Wednesday, 15 February 2012
Recently, Kodak filed for bankruptcy. I felt a tinge of sadness at the news. I had studied photography in college, and spent many years selling Kodak film while working at Henry's and Black's. Paul Simon's popular song was my mantra. I even sold stale-dated Super 8 Ektachrome to Sting and Andy Summers when they dropped by the store way back in the Eighties before they were famous. I have boxes and boxes of slides and photographs recording every moment I thought was beautiful and wanted to share with everyone.
While at college, I not only honed my painting skills, but also learned how to develop film and print my own photographs in a darkroom. At first, the process seemed complicated and very mysterious. First I had to expose the film or photographic paper to controlled light, either through a camera or enlarger lens. Then I immersed the film in a developing solution for a set time, then switch to an acid bath to stop the process. By the end, I had a photograph to put in a frame or an album.
Kodak first came up with digital cameras, and yet they are failing to adapt to the changing landscape.
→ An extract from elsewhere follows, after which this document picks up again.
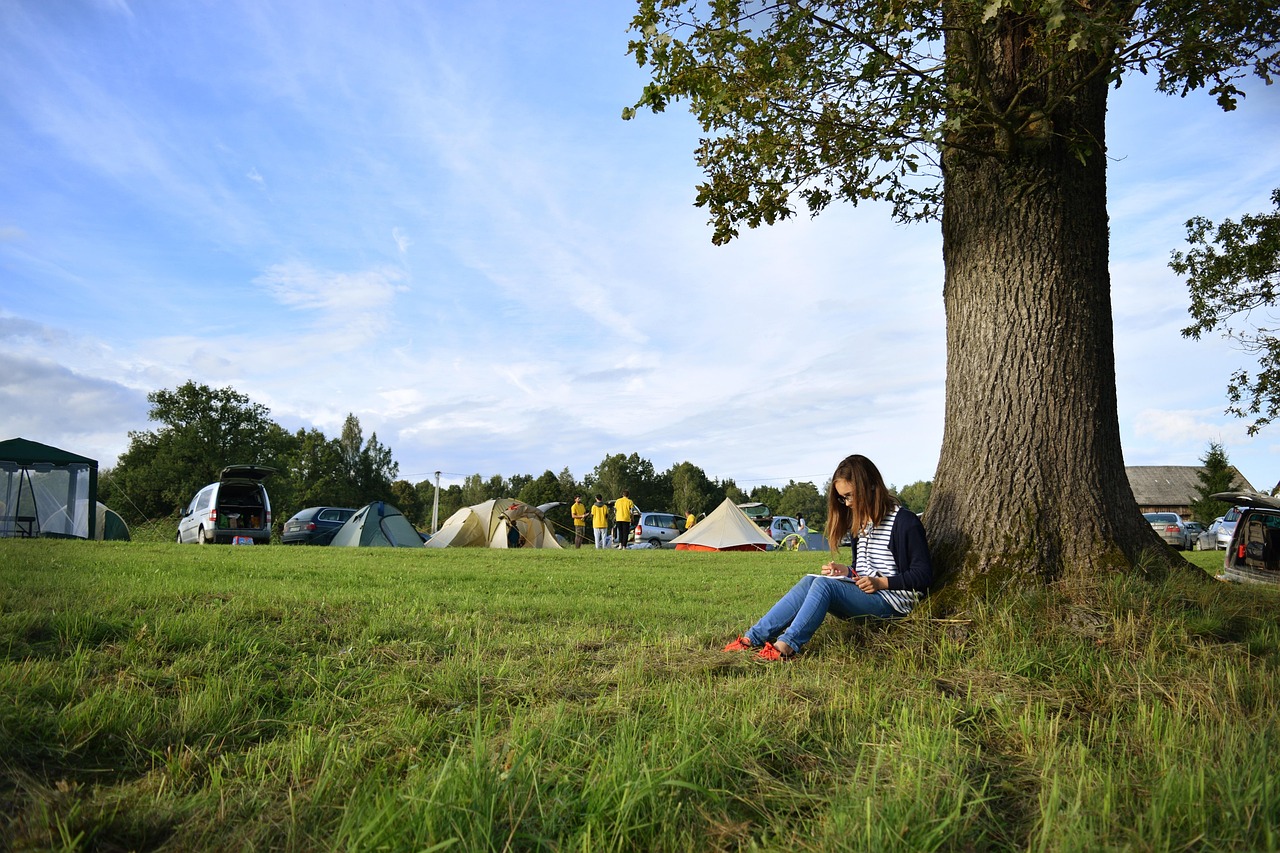 10 Tipps: So wird Camping mit ADHS-Kindern entspannter!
Instead of developing new equipment to capture "Kodak Moments" they stuck with printers and paper. They concentrated on the end result but didn't think about how the medium was first created: through the mind's eye.
Publishing is going through a similar change. Our mind's eye creates a story, but the way we bring that medium to the masses is changing. Remember typewriters? Pens and paper? A pack of monks illuminating Mediaeval manuscripts? We brought our art to fruition through a painstaking process.
Now, it's so easy. Yay for computers! Well... easy to get it down in physical form. The writing part is still hard. But today, publishers are struggling with getting the final product to the masses. E-books are becoming more and more popular and paper costs are rising. Publishers are still hanging onto the concept that physical books are the only way to go, and are struggling to stay alive.
I love physical books. I like signing them for my readers. I like to look at them on my shelves and feel the paper with my fingers. I love wandering in book stores. I love old books with their musty smell and yellowing pages.
But like it or not, digital publishing is here to stay. I understand that it is a more efficient way to allow readers to immerse themselves in the stories we writers want to share. I hope both mediums can find a way to share the space in our brains.